I was able to solve this only for a = 2; for this case it turns out that
x_n = 2*cos(PI / 2^{n+1}).
Figuring out even this was something of a fluke:
I happened to recognize the sequence of numbers sqrt(2), sqrt(2 + sqrt(2)),
etc. as coming from repeated application of the half-angle identity for
cosine starting with PI/4.
It can be shown that for each a > 0 the sequence {x_n} is monotonic in n
and approaches the limit L = [1 + sqrt(4*a + 1)]/2 as n --> infinity.
Asymptotic analysis indicates that x(n) may be developed as a series in
powers of [K(a)/(2L)^n] but I have not discovered an easy way to find the
coefficients nor a way to directly calculate K(a). Even this would not give
the x's exactly, but I was hoping the series terms for particular a's might
be recognizable Taylor series expansions. (This does work for the a = 2
value.) To no avail.
How about it, asmith?
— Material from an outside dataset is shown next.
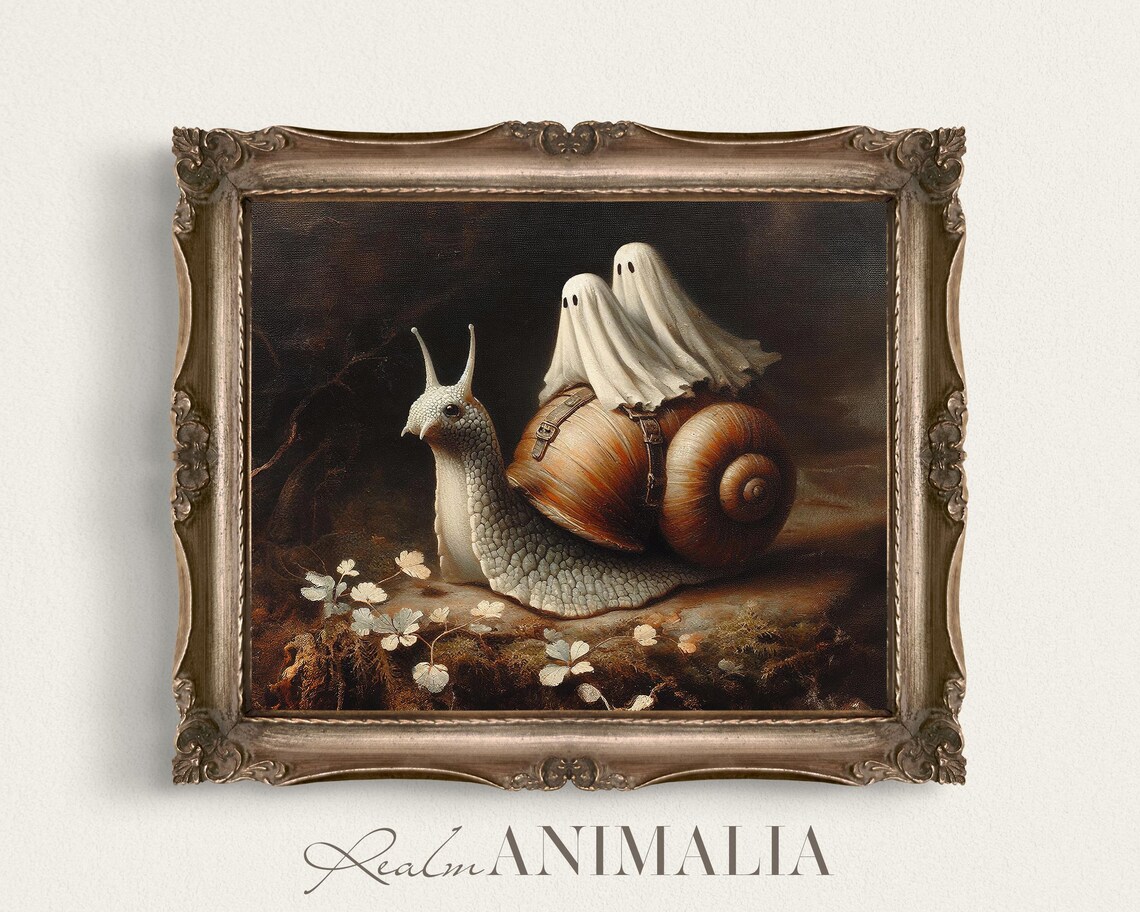 Little Ghosts Riding Snail Vintage Halloween Art Print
Can you bail us out?
rcwinther
Taking only positive square roots, I would think that where the sequence
converges it must converge to
x_n -> (1/2)[1 + (1 + 4a)^.5]
Next question: For what values of a does the sequence converge?
The answer to the question is "yes" if you are referring only to the
limiting value.
The equation becomes somewhat easier to analyze if we make the substitution
x_k = ay_k.
Then we have y_(k+1)^2 = (y_k + 1)/a
which is an iterated map of the real axis into itself. It is not hard to
show that the map has a fixed point (an "attractor") for all positive values
of a, and the value of the fixed point is
[1 + (1 + 4a)^0.5]/2a.
A little experimentation with a programmable calculator will convince you
that the fixed point is approached very closely in only a few iterations.
Note that the fixed point is independent of the starting point, so that
multiple iterations map the entire real axis into the fixed point. So the
condition x_(-1) = 0 is irrelevant to the conclusion.
jlu
Hey, I just saw my name mentioned. But it looks like everybody else has
answered the question as well as it can be. In other words, it looks like
there is not any closed-form solution for x_k (except for the nice one found
by rcwinther for a = 2). I do have one comment: if we let
x0 = (1 + sqrt(1 + 4a))/2
which is the positive fixed point here (the negative one has the first
+ replaced by a -, and of course is not obtained if we are always taking
positive square roots) then let xn = x0 + delta. Then there is an approximation for x_(n+1) as follows:
x_(n + 1) = sqrt(a + x0 + delta) = sqrt(x0^2 + delta)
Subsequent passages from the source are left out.